ERIC LINDELL, Revolution In Your Heart (CD)
Originally from San Mateo, California, Lindell soaked up blues in San Francisco and built up a following fronting his own blues band. He drifted to New York before meeting his wife-to-be, who wanted to get back to her family in New Orleans, relocating there in 1999. He released several records on his own Sparco label before debuting on Alligator with 2006’s Change in the Weather. Back in 2007, just after the release of Change in the Weather and before Low on Cash, Rich in Love came out, Lindell said he wasn’t big on guitar-slinging stuff, but wanted to hear harmonica and B3 and sax as well. But he’s slingin’ it pretty good on this outing, playing his Tele as well as a Gibson ES 335 12-string, and contributing B-3, bass, harp, acoustic guitar and synth. His only other accompanist is percussionist Willie McMains. Lindell lays out some sound advice on the title cut, trying to live up to what his grandpa taught him: not to speak ill of others. “I may fall short sometime,” Lindell confesses, “But I know I got to do my part / start a revolution in your heart.” Lindell’s style is laid back, but his laconic delivery gets his point across, easing it in and poking it around till it gets your attention. “Heavy Heart” sounds like Tyrone Davis’ late ’70s mellow soul on “Turn Back Hands of Time” and “Turning Point,” but there’s an added attraction with the second line undercurrent stuttering along underneath. His guitar adds another dimension, tossing in electric country blues breaks that somehow mesh smoothly with his weathered soul vocals. He’s most country on “Appaloosa,” a strange mix of Waylon Jennings-style guitar leading a second line trail ride on a moonlight jaunt to Bogalusa see his beloved once again.“Millie Kaye” brings in longtime McClinton keyboardist Kevin McKendree to play piano flourishes on the King Johnson-sounding twangfest. Lindell’s soulful strut can be found at the crossroads where Louisiana, Mississippi, Texas, and Chicago collide for a devilish run through the countryside that’ll leave you breathless, but still hot to to trot.
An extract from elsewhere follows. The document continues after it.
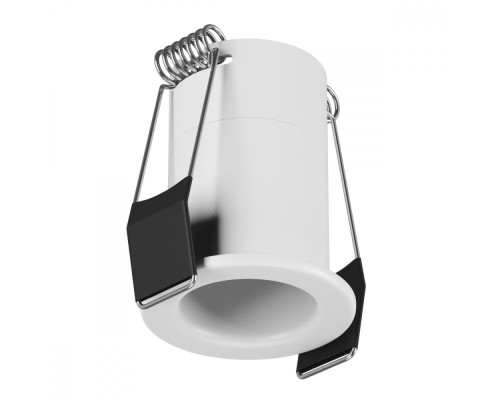 Точечный светильник Hidden DL-A004-3-WH-WW DesignLed Точечный светильник Hidden DL-A004-3-WH-WW DesignLed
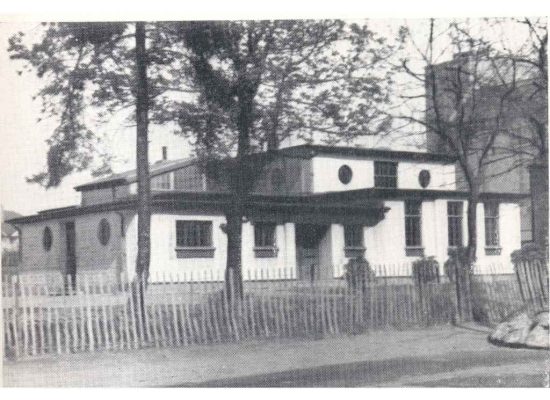 about-hornchurch-methodist-church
CLUTCH, Book Of Bad Decisions (CD/LP)
GASLIGHT ANTHEM, Sink Or Swim (CD/LP)
SPIRITUALIZED, Nothing Hurt (CD/LP)
CRAIG ARMSTRONG, Sun On You (CD/LP)
JEAN-GUIHEN QUEYRAS, Vivaldi: Songs For Cello & Basso Continuo (CD)
ESCAPE-ISM, Lost Record (CD/LP)
BLACK JOE LEWIS, The Difference Between Me & You (CD)
KILLER REISSUE:
LED ZEPPELIN, The Song Remains The Same (2XCD/4xLP)
Zep unleashes their monster 1976 live set on Jimmy-Page-remastered CD and 180g LP, along with a 28-page book with band photos and an essay by Cameron Crowe. And there’s schwag! Get a limited-edition print, poster or turntable mat with purchase!
COMING SOON:
BAND OF HEATHENS, Message From The People Revisited (9/14)
WILLIE NELSON, My Way (9/14)
ANN WILSON, Immortal (9/14)
And don’t forget these STILL-NEW platters that matter!
IRON & WINE, Weed Garden (CD/LP)
For fans of Iron & Wine, it’s Christmas in August. “Weed Garden” is a six-track EP including songs written by Sam Beam mostly while working toward his last full album, “Beast Epic,” and they sound very much like it. “Beast Epic,” released a year ago, marked not just Beam’s return to Sub Pop, but also to a more uncluttered style. While still backed by a full band, both the EP and its predecessor benefit from a regained intimacy which boosts the directness of Beam’s vocals and his bandmates’ harmonies. On opener “What Hurts Worse,” there are attempts to reconcile the idealistic aspects of a relationship with what’s actually achievable before it all crumbles, while “Last of Your Rock ‘n’ Roll Heroes” has a vibe like Tim Hardin fronting Stephen Stills’ Manassas and a disheveled, rickety protagonist who’s searching and struggling but also learning a life lesson every day. Beam’s surprise gift is the exquisite “Waves of Galveston,” a fan favorite getting its first official release. Its very 70’s-sounding refrain caresses the eardrums and Nick Drake may have sounded like this if singing about Texas. There are plenty of references to nature — the sea, butterflies, serpents, rain, clouds, flowers, winds and waves — but it’s all related to the human experience and the final three songs sustain the theme. Especially affecting are the gorgeous “Autumn Town Leaves” and the increasingly intense and desperate closer “Talking to Fog.” “Weed Garden” is both a wonderful bonus in relation to “Beast Epic” and an enchanting collection that deserves to be valued for its own plentiful merits.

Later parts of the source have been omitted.